Delta Operational Metrics Store (DeltaOMS) > Frequently Asked Questions (FAQs) > General

General

Q. What is Delta Operational Metrics Store ?

Delta Operational metrics store (DeltaOMS) is a solution/framework for automated collection and tracking of Delta commit logs and other future operational metrics from Delta Lake, build a centralized repository for Delta Lake operational statistics and simplify analysis across the entire data lake.

The solution can be easily enabled and configured to start capturing the operational metrics into a centralized repository on the data lake. Once the data is collated , it would unlock the possibilities for gaining operational insights, creating dashboards for traceability of operations across the data lake through a single pane of glass and other analytical use cases.

Q. What are the benefits of using DeltaOMS ?
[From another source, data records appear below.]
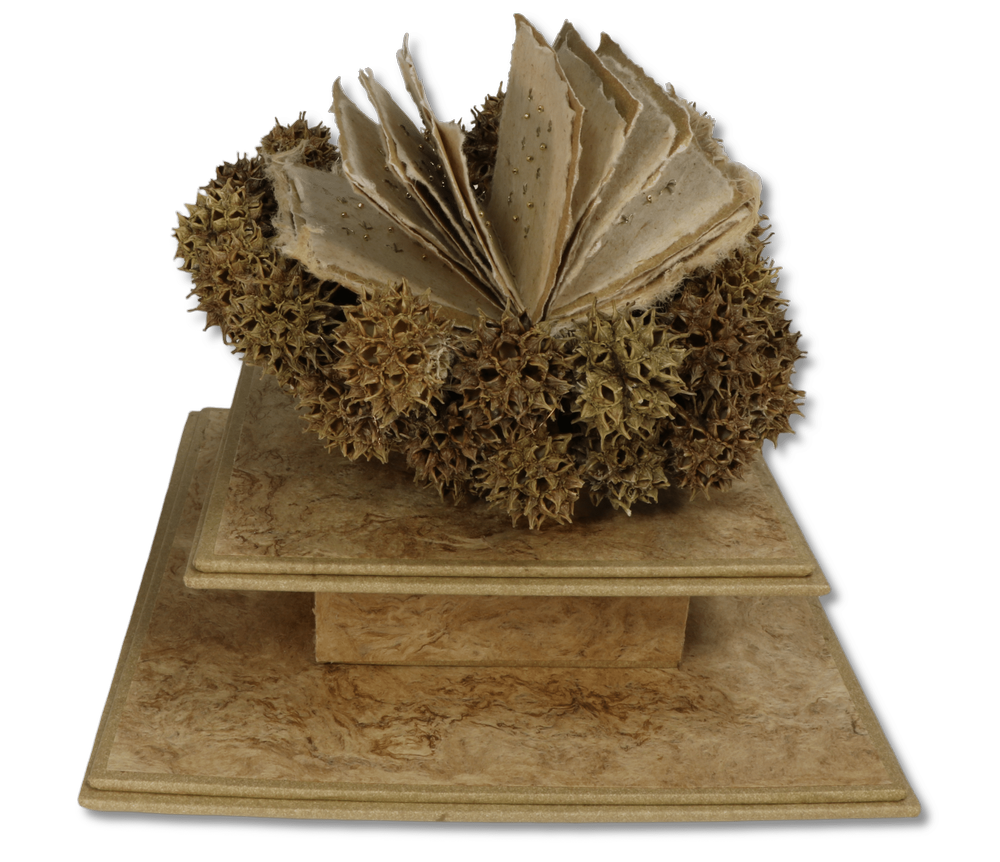 What Is an Artist’s Book? Why Do Artists Make Artist’s Books?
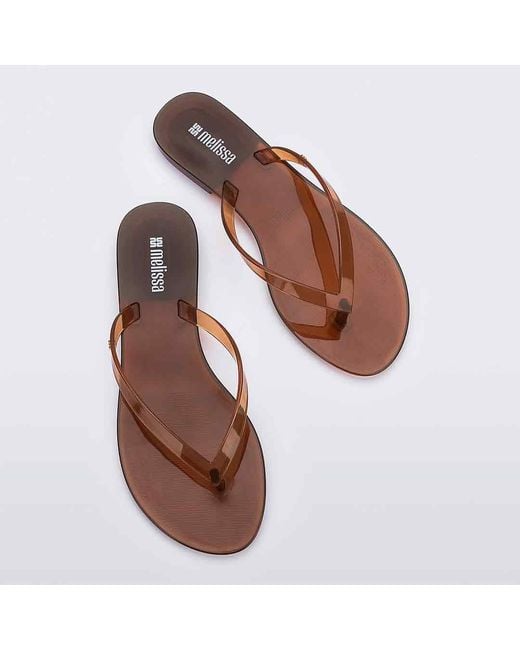 Melissa Brown Harmonic Jelly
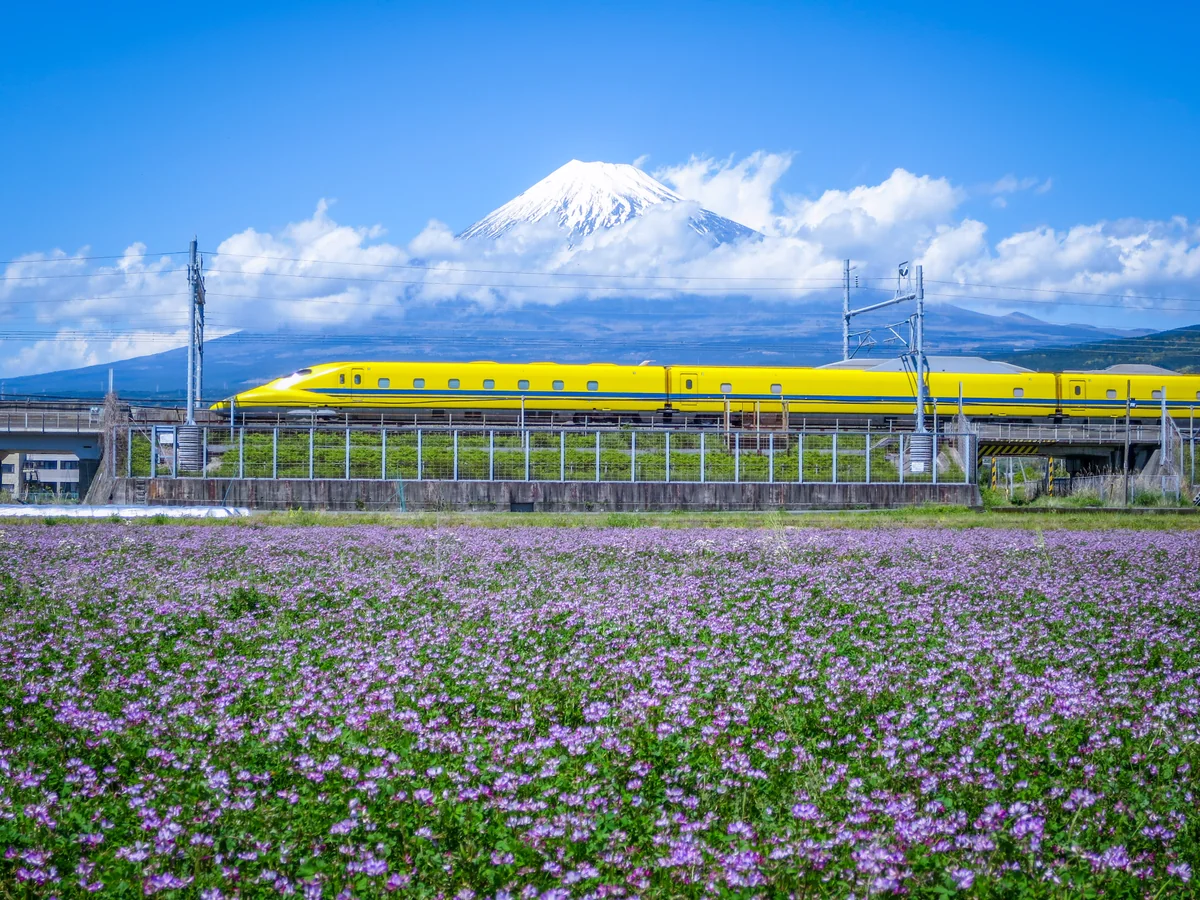 投稿写真：ドクターイエロー蓮華畑を走る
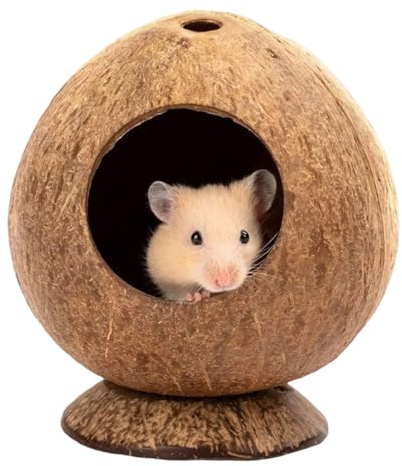 Casa Para Hámsters, Concha En Forma De Nuez De Coco | Transpirable Perforada De 5.3 Pulgadas 300 G | Cueva Para Animales Pequeños Con Base Estable Antivuelco Para Actividades De Rechinar De Los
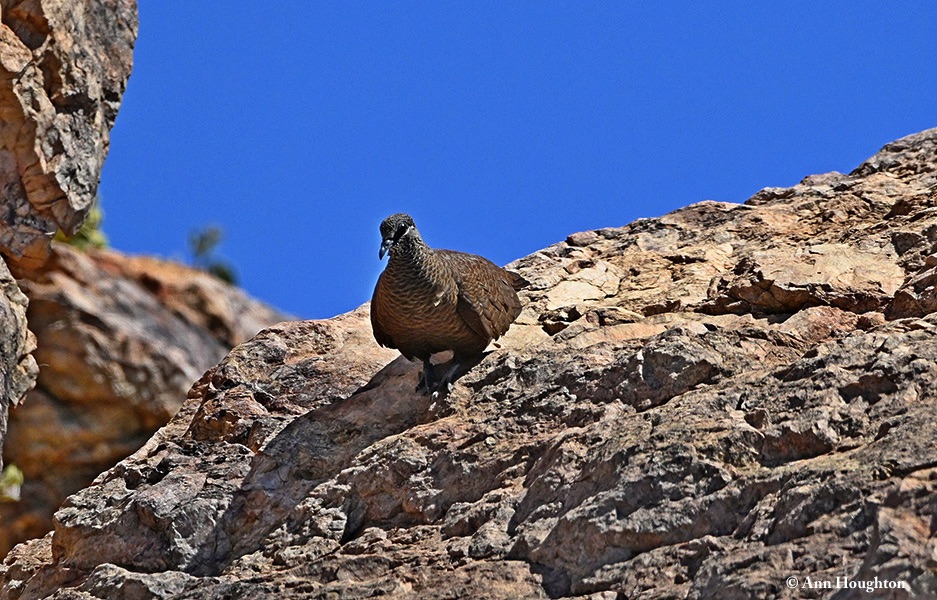 Pigeon_Whitequilled _Rock_2013-06-29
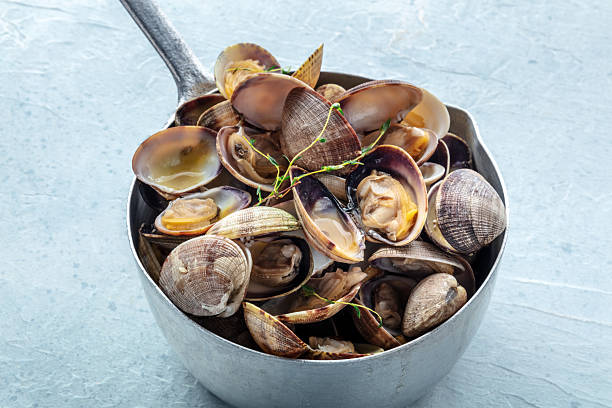 istock Vongole clams in a saucepan with thyme. Seafood sauce 2220573169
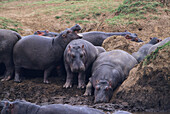 Hippos basking on the banks of the Mara River Hippopotamus amphibius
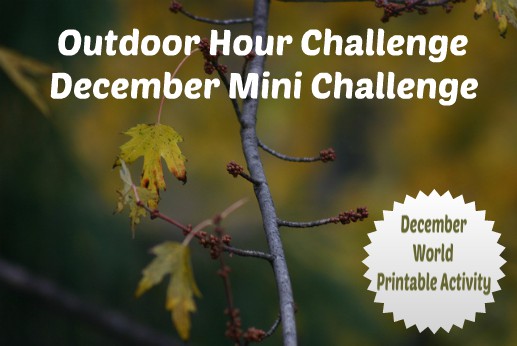 Outdoor Hour Challenge December Mini Challenge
Tracking and analyzing Delta Lake operational metrics across multiple database objects requires building a custom solution on the Delta Lakehouse.DeltaOMS helps to automate the collection of operational logs from multiple Delta Lake objects, collate those into a central repository on the lakehouse , allow for more holistic analysis and allow presenting them through a single pane of glass dashboard for typical operational analytics. This simplifies the process for users looking to gain insights into their Delta Lakehouse table operations.

Q. What typical operational insights would I get from the solution ?

DeltaOMS centralized repository provides interfaces for custom analysis on the Delta Lake operational metrics using tools like Apache Spark, Databricks SQL etc.

For example, it could answer questions like :

What are the most frequent WRITE operations across my data lake ?
Which are the expensive WRITE operations on my lake ?
How many WRITE operations were run on my Data Lake in the last hour ?
What is the average duration of WRITE operations on my database Delta tables ?
Which of the WRITE operations involve inserting the largest amount of data ?
Which are the top WRITE heavy databases in my data lake ?
Track File I/O ( bytes written, number of writes etc.) across my entire data lake
Tracking growth of data size, commit frequency etc. over time for tables/databases
Track changes over time for Delta operations/data
Did the delete operations for GDPR compliance go through and what changes it made to the filesystem ?
And many more …

Q. Who should use this feature ?

Data Engineering teams, Data Lake Admins and Operational Analysts would be able to manage and use this feature for operational insights on the Delta Lake.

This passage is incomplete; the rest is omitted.